Os consumidores de energia elétrica em Roraima receberão uma notícia positiva nas próximas faturas. A diretoria da Agência Nacional de Energia Elétrica (Aneel) validou o recálculo do reajuste tarifário da Roraima Energia, estabelecendo um corte médio de 14,67% nos valores cobrados.
A decisão surge como resposta a um recurso interposto pela distribuidora contra o índice aplicado em janeiro deste ano. Com o ajuste, a nova estrutura tarifária deve entrar em vigor já no mês de setembro, refletindo o uso de recursos estratégicos destinados à modicidade das contas de luz.
O papel dos recursos de UBP
A queda nas tarifas foi viabilizada pelo aporte de R$ 148,2 milhões provenientes do Uso de Bem Público (UBP). Esses valores são direcionados especificamente para reduzir o impacto tarifário em áreas sob jurisdição da Sudam (Superintendência do Desenvolvimento da Amazônia) e da Sudene (Superintendência do Desenvolvimento do Nordeste).

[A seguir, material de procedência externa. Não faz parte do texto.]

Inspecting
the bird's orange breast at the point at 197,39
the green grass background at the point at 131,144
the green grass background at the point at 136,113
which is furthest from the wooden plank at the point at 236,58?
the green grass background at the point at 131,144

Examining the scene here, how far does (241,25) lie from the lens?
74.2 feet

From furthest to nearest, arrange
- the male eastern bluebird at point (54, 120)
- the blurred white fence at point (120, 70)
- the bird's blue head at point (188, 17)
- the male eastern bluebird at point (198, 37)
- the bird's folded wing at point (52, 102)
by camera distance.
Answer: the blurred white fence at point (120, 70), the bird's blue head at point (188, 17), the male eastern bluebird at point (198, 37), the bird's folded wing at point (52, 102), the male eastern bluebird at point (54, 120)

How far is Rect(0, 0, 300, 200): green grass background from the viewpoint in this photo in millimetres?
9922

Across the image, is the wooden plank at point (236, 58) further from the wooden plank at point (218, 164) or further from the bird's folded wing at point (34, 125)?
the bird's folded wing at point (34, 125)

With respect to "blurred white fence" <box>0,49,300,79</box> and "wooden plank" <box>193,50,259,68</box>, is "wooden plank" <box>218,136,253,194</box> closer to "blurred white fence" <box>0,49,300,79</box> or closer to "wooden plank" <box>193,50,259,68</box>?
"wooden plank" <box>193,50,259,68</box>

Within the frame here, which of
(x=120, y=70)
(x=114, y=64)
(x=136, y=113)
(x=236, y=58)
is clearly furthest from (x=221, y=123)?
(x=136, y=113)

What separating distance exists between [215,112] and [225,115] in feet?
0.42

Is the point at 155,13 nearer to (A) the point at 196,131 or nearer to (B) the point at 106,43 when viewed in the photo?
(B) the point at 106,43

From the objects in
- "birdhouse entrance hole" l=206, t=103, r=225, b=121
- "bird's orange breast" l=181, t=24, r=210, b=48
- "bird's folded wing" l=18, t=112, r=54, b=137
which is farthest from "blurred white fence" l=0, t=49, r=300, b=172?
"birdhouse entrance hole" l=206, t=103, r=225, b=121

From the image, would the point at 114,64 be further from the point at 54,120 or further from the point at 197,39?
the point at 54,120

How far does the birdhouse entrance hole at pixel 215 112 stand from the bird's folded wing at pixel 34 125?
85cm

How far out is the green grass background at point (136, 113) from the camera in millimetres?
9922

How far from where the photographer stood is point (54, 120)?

A medida está alinhada ao movimento do regulador em utilizar o ETLEP (Efeito Tarifário Limite Equilibrado Preliminar) para suavizar a conta dos consumidores. Em agosto, a Aneel já havia estruturado os valores preliminares que seriam revertidos para o setor elétrico regional.

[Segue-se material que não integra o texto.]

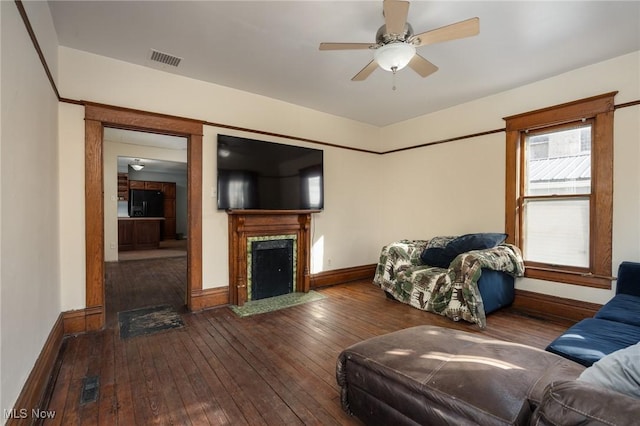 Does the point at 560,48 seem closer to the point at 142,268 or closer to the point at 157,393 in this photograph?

A aplicação dos recursos de UBP tem como objetivo central garantir a modicidade tarifária, assegurando que o custo da energia seja equilibrado para o consumidor final em regiões com desafios de desenvolvimento, como é o caso da área de concessão da Roraima Energia.
Fluxo de caixa e regras regulatórias
Apesar da notícia positiva, a Aneel manteve uma postura rigorosa quanto aos pedidos financeiros da empresa. A distribuidora solicitou o recebimento antecipado de R$ 54,15 milhões — valores referentes à comercialização de energia no Ambiente de Contratação Regulada (ACR) — em uma única parcela.

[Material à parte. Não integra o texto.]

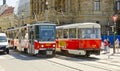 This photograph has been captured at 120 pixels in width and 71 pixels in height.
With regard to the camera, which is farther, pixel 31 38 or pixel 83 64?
pixel 31 38

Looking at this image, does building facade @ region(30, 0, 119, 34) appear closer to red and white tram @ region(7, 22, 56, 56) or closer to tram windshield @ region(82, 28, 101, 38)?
red and white tram @ region(7, 22, 56, 56)

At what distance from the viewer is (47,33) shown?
1435 inches

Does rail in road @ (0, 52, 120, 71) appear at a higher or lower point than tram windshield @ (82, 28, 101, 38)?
lower

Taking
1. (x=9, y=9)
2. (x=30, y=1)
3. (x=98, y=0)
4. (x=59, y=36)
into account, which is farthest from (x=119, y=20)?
(x=9, y=9)

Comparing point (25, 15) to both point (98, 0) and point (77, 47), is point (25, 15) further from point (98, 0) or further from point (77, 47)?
point (77, 47)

O montante, que deve ser coberto pela CCC (Conta de Consumo de Combustíveis), é pago habitualmente em 12 parcelas mensais, entre fevereiro de 2026 e janeiro de 2027. A companhia alegou necessidade de gestão de fluxo de caixa, mas a área técnica do regulador negou a antecipação.
Segundo a agência, o descasamento entre receitas e despesas é uma característica intrínseca do regime tarifário atual, não sendo um motivo excepcional para alterar o cronograma de repasses estabelecido pela regulação vigente.
Impacto da interligação ao SIN
Este processo tarifário ocorre em um momento histórico para o Estado. Desde 1º de janeiro de 2026, Boa Vista está integrada ao Sistema Interligado Nacional (SIN). A conexão trouxe mudanças profundas na forma como a energia é precificada e gerida em Roraima.
Agora, o cálculo considera encargos de segurança energética, o risco hidrológico e o reembolso da CCC sobre a exposição ao mercado de curto prazo. Essa integração é vista como um passo fundamental para estabilizar o suprimento de energia no Norte do país e garantir maior previsibilidade nos custos para os próximos anos.